• Given entries
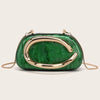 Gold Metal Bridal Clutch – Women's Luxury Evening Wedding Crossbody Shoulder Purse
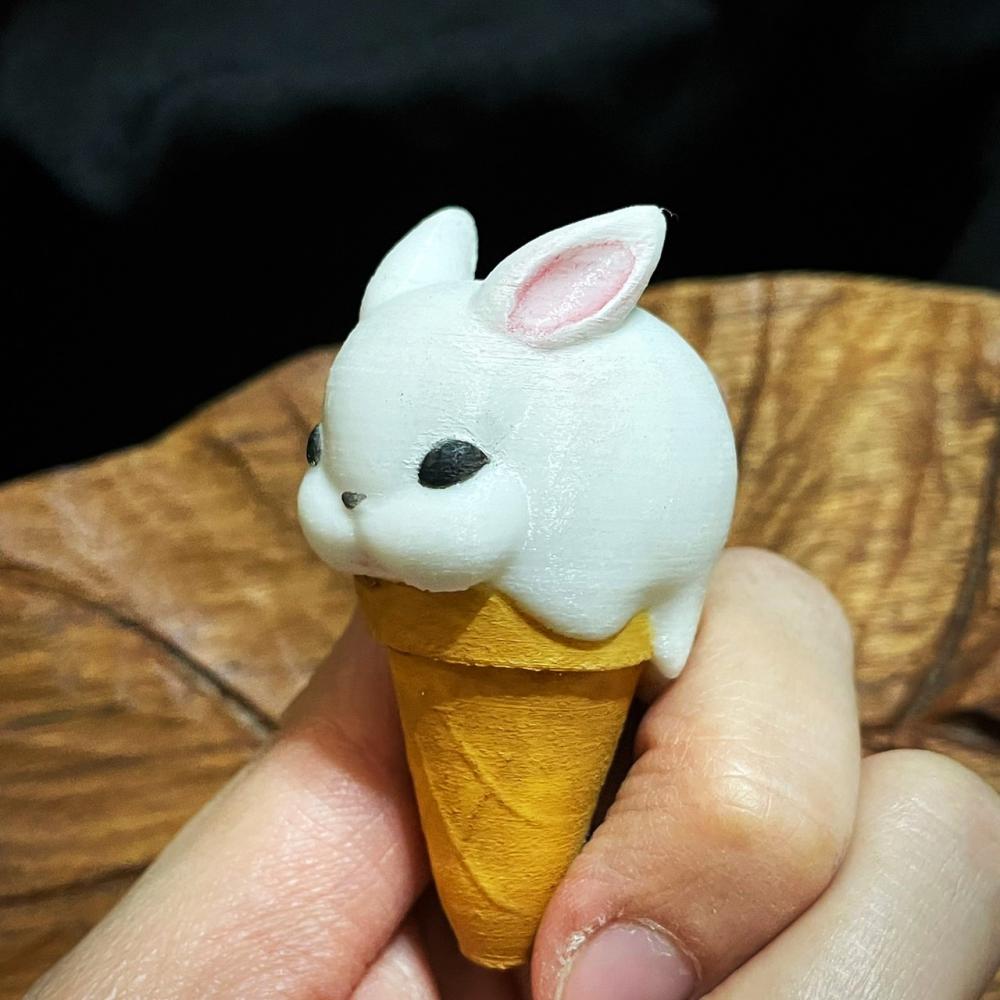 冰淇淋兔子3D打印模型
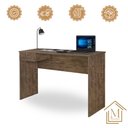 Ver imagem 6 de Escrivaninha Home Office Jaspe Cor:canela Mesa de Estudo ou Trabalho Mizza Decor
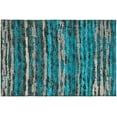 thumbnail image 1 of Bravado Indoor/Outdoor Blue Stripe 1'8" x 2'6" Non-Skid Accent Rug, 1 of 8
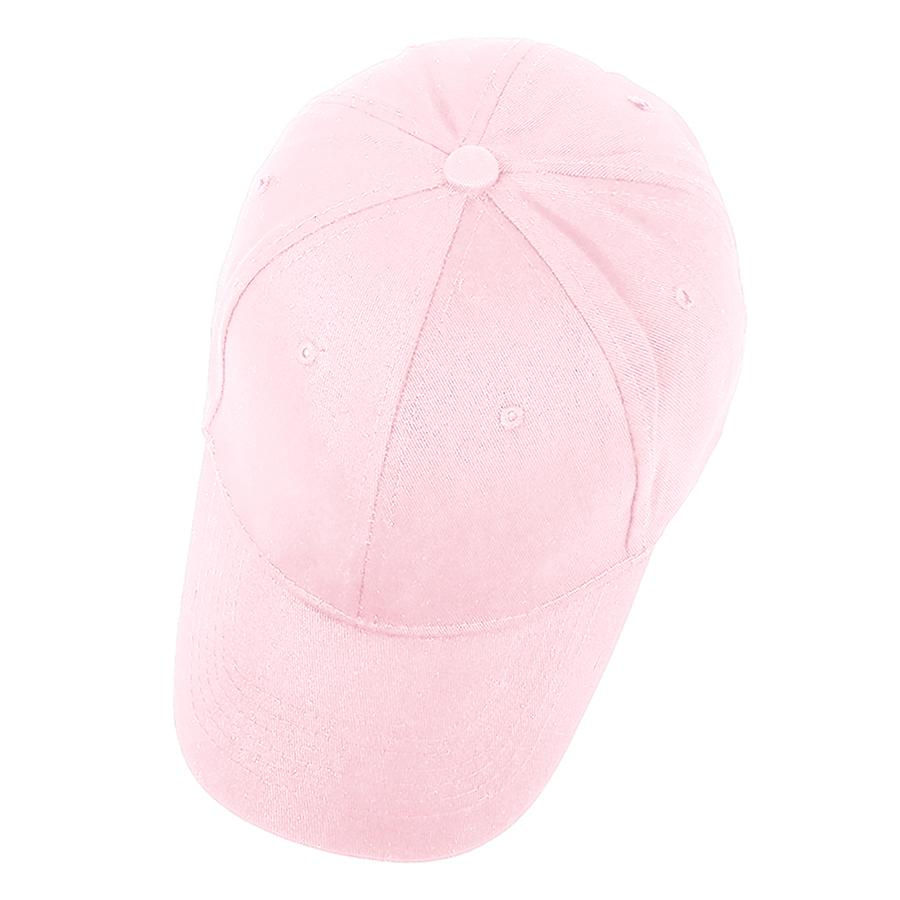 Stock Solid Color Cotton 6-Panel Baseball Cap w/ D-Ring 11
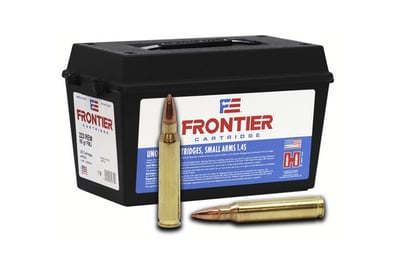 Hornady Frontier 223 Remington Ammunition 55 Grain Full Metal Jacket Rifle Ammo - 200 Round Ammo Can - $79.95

• What this task involves
Set the whole listing down again unchanged, apart from the pictures, which are omitted.

• Answer to the exercise
 Gold Metal Bridal Clutch – Women's Luxury Evening Wedding Crossbody Shoulder Purse
 冰淇淋兔子3D打印模型
 Ver imagem 6 de Escrivaninha Home Office Jaspe Cor:canela Mesa de Estudo ou Trabalho Mizza Decor
 thumbnail image 1 of Bravado Indoor/Outdoor Blue Stripe 1'8" x 2'6" Non-Skid Accent Rug, 1 of 8
 Stock Solid Color Cotton 6-Panel Baseball Cap w/ D-Ring 11
 Hornady Frontier 223 Remington Ammunition 55 Grain Full Metal Jacket Rifle Ammo - 200 Round Ammo Can - $79.95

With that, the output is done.